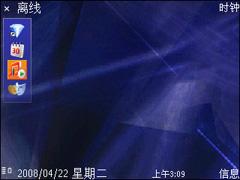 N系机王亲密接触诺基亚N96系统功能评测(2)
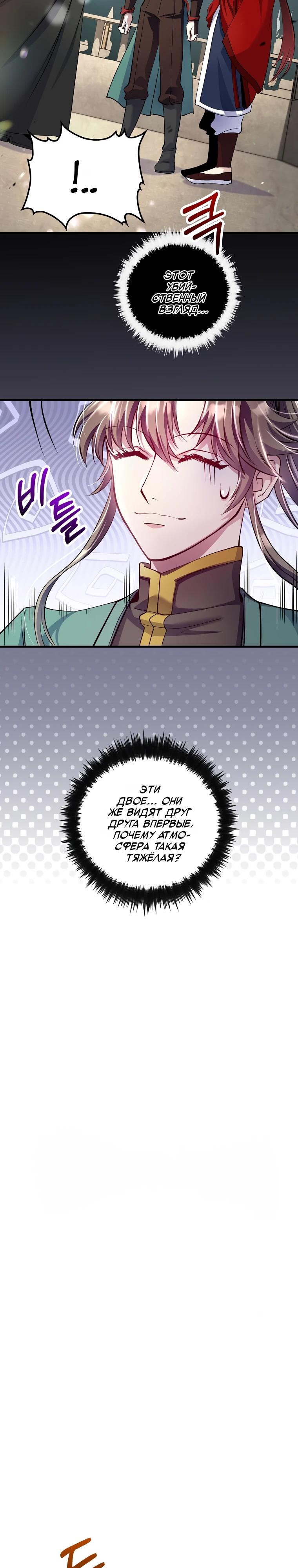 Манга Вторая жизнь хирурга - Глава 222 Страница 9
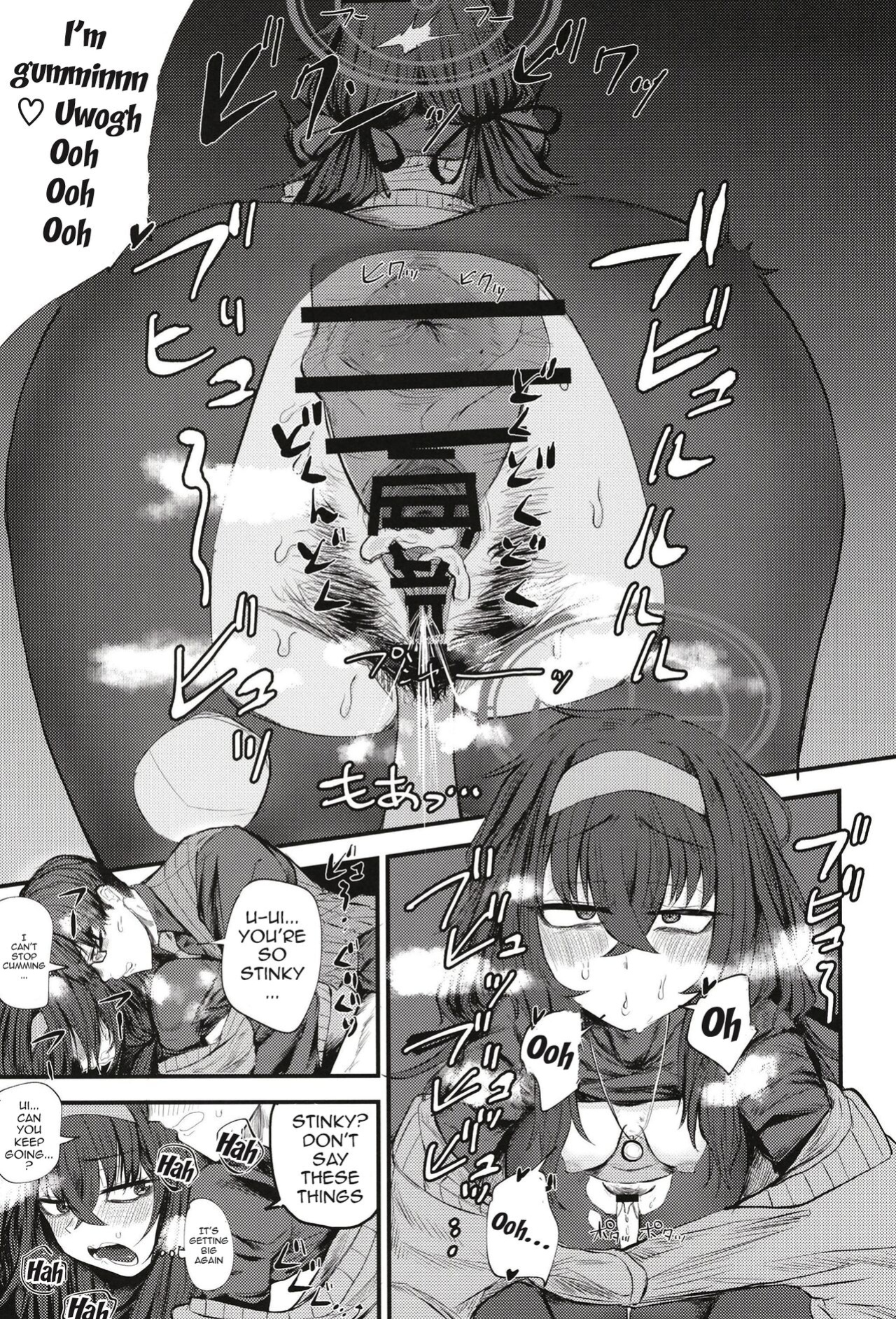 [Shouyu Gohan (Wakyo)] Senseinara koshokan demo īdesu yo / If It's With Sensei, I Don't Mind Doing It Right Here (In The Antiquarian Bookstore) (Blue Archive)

**Exercise goal:** Repeat each line word for word, from the one with "Манга Вторая жизнь" down to the last line of the data, and keep the pictures out of it.

**Task response:**
 Манга Вторая жизнь хирурга - Глава 222 Страница 9
 [Shouyu Gohan (Wakyo)] Senseinara koshokan demo īdesu yo / If It's With Sensei, I Don't Mind Doing It Right Here (In The Antiquarian Bookstore) (Blue Archive)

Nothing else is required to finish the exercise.